NBCU Clears ‘The Office’ Off-Net

Jun 21, 2007  •  Post A Comment

Turner and Fox are opening “The Office.”
NBC Universal Domestic Television Distribution has cleared off-net rights to “The Office,” with episodes to start running this fall on TBS and in fall 2009 on the Fox-owned stations.
Industry sources place the overall price tag between $3 million and $4 million per episode for the Ben Silverman-produced series. The deal includes barter for both the cable and broadcast windows.
TBS’ deal for the series includes non-exclusive broadband streaming, on-demand and wireless rights to run concurrent with the off-network telecast rights.
“The Office,” produced by Reveille and Universal Media Studios, will debut on the Fox owned-and-operated stations in the nation’s top markets, including New York, Los Angeles, Chicago, Washington, D.C., Dallas, Houston, Phoenix, Minneapolis, Orlando and Baltimore.
“In the tradition of NBC’s legendary Thursday night comedies, ‘The Office’ has one of the strongest ensemble casts on TV, a terrific team of writers, a loyal young-adult skew, and the critics are already comparing it to the classic comedies of all time,” says Wallach. “And pairing ‘The Office’ with the great comedies on the Fox television stations will make for a great match as it launches its initial syndication run.”
With the pipeline for off-net sitcoms virtually shut down in recent years due to the popularity of unscripted series and procedural dramas, series such as “The Office” and Twentieth’s “My Name Is Earl” have become more important players to refresh access lineups on stations as well as cable.

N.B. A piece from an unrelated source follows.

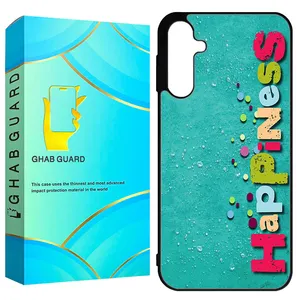 Ghab Guard GCHPA55 Cover For Samsung Galaxy A55 5G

“’The Office’ is not only a top-notch sitcom, but also one of the most relatable comedies on television,” said Ken Schwab, senior VP of programming for TBS and TNT. “Anyone who has ever worked for a completely clueless boss, had an inter-office romance or simply worked among an odd assortment of co-workers will immediately get the offbeat humor in this series. It’s a wonderful addition to our line-up, and we’re thrilled to bring it to our audience of comedy lovers.”